Suppose that people who know that traffic would likely be bad and their trip would likely take 40 minutes left home 45 minutes before the appointment. Seems logical

But apparently we don’t like that it takes too much commitment and intrudes on our free space/time continuum . So we leave for appointments ‘whenever’ and are late because of someone else’s transport blocking ours.

Apparently public transport is unacceptable because it requires compliance to a state timetable. We don’t like compliance because it conflicts with our sensibilities.

People need to cut their cloth to suit

People just need to cut their jib

rog
rog
6 years ago

Woops that should read

Cut their cloth to suit the tailor.

Internet dodgy, I blame Malcolm.

Moz in Oz
Moz in Oz
6 years ago

I wonder if this is partly responsible for “cyclists are happier”, since our commute times are much more reliable. Maybe it’s not just the exercise and fumes?

For motorists I suspect it’s the uncertainty and the extra decision making, plus the wasted time. There’s extra stress in having to think about traffic density (which you can’t ever know in advance) and routes etc, then allow a safety margin, and inevitably waste time when you arrive slightly early (or stress when you’re late).

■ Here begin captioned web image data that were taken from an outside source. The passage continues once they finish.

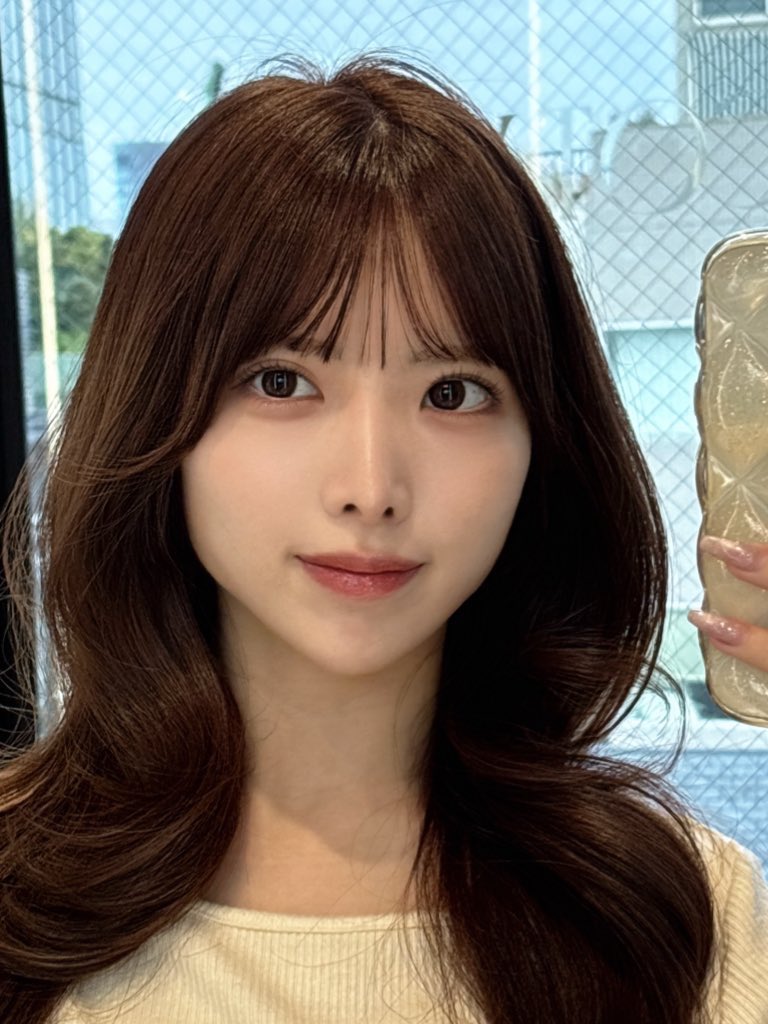 NiaBuildds's tweet photo. @miyu_biyo_ Is this a real human or a doll? https://t.co/VsMROXAY17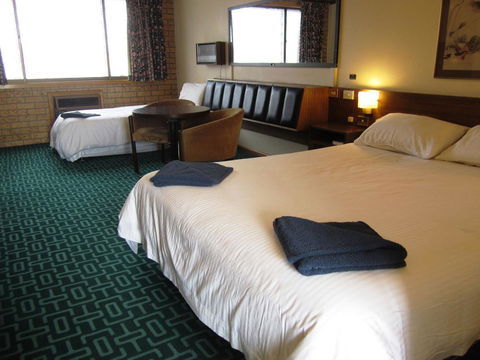 Canberra Lyneham Motor Inn - Accommodation Main Beach 7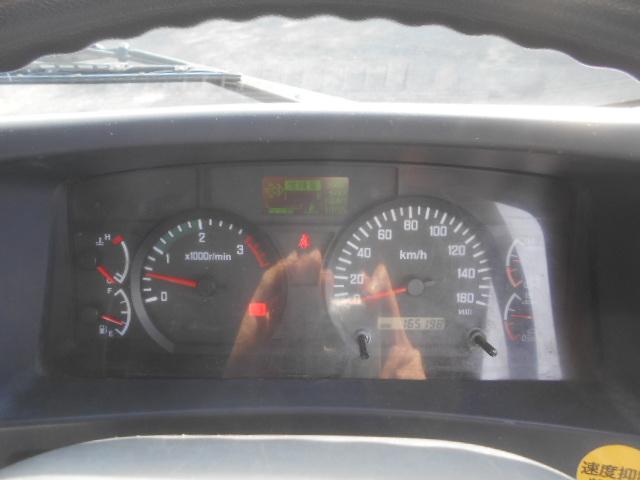 フォワード 　コンクリートミキサー車　上物カヤバ工業製　積載１１ｔ　ドラム容量８．９立米　ドラム混合４．５立米　２デフ　ホッパーカバー（要交換修理）　水タンク＆モーター付　２６０馬力　ベッド付　バックモニター付（20枚目）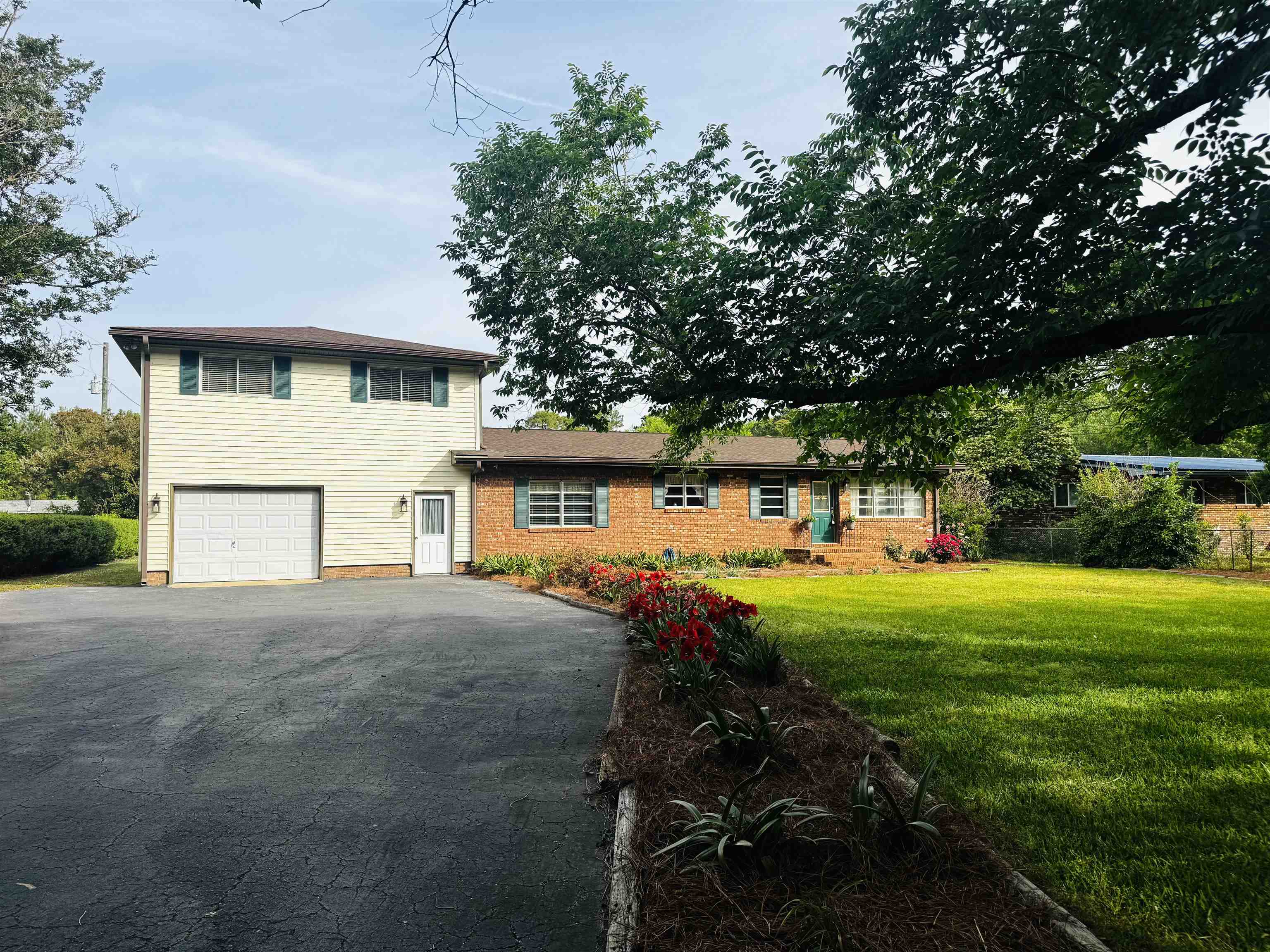 1594 Montford Rd. Property Photo 1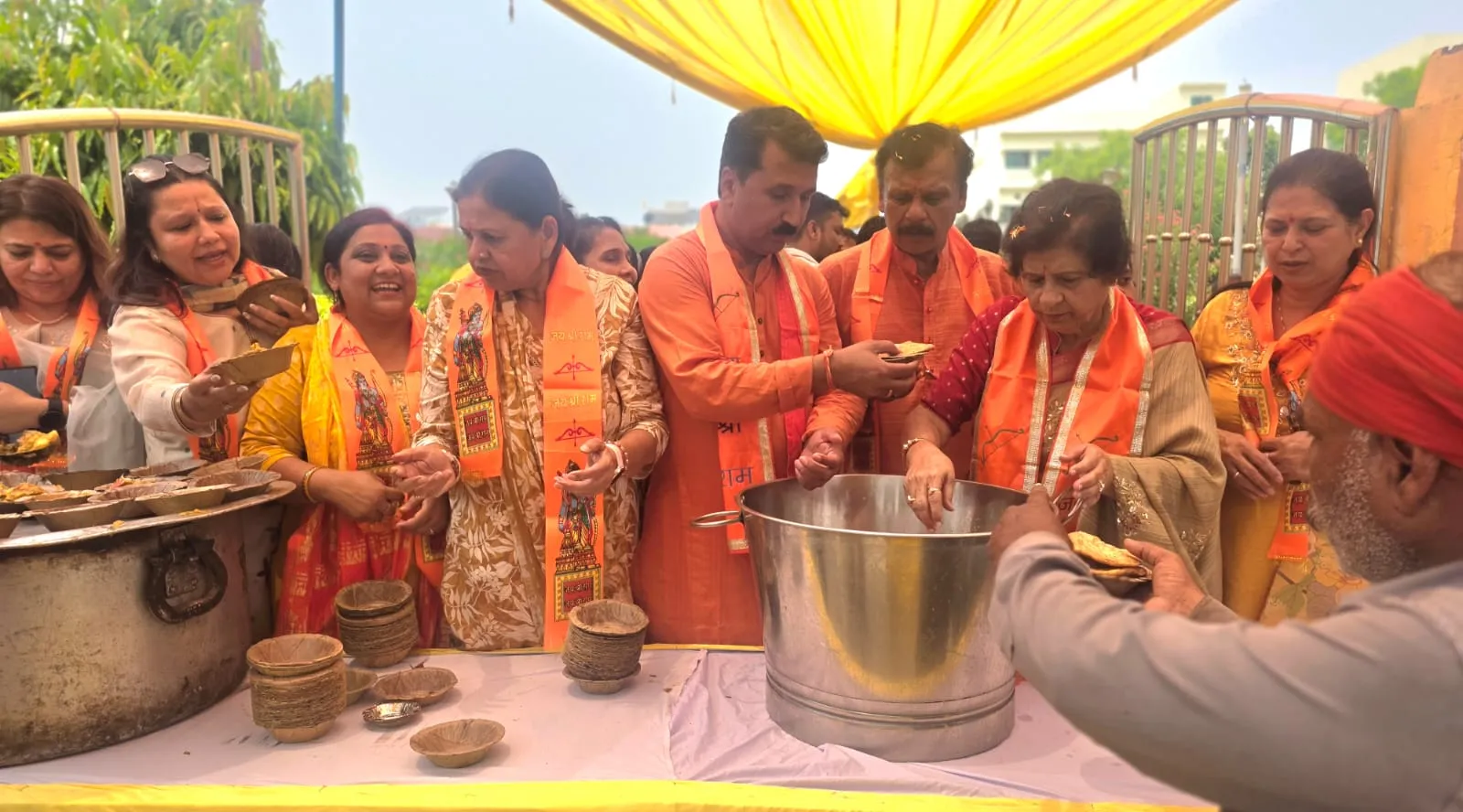 महिलाओ ने लगाया मंगलमान भंडारा,स्वच्छ हरित पर्यावरण पौधा का दिया संदेश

My favourite anecdote is once arriving at work and ringing my boss to say “where are you, the office is locked” and only then hearing that there was a public transport strike. The roads were apparently gridlocked and he’d assumed no-one would be able to make it to work. I quite genuinely hadn’t realised, because I rode along back streets and off-road bike paths, so the only times I saw the gridlocked main roads was when I crossed them a couple of times. If you’re only watching for half a minute at a time the difference between normal rush hour and gridlock isn’t obvious.

Helen
Helen
6 years ago
Reply to  Moz in Oz

Yes, bike commuting is a fantastic solution, both for efficiency and its physical/mental benefits. Australians keep saying this can “never” happen because of our spread out cities, but there are plenty of opportunities for mixed-mode transport. (It’s a bit depressing that the Western way to seem “sensible” and “mature” is to take the There Is No Alternative argument.) And there are plenty of inner city people who could well be riding, who are driving into the CBD.
(Decentralisation of employment, as well, would be good)

john Walker
john Walker(@johnrwalker)
6 years ago
Reply to  Nicholas Gruen

We are lucky , where I live the traffic on all roads apart from the highway is light, and well behaved. Mind you my only serious prang was on a road with no traffic at all, entirely my own ‘work’.(And walking while texting is also not so good for the health, recently a teenager almost knocked me of my feet; she was actually running, in a art gallery ,and texting at the same time).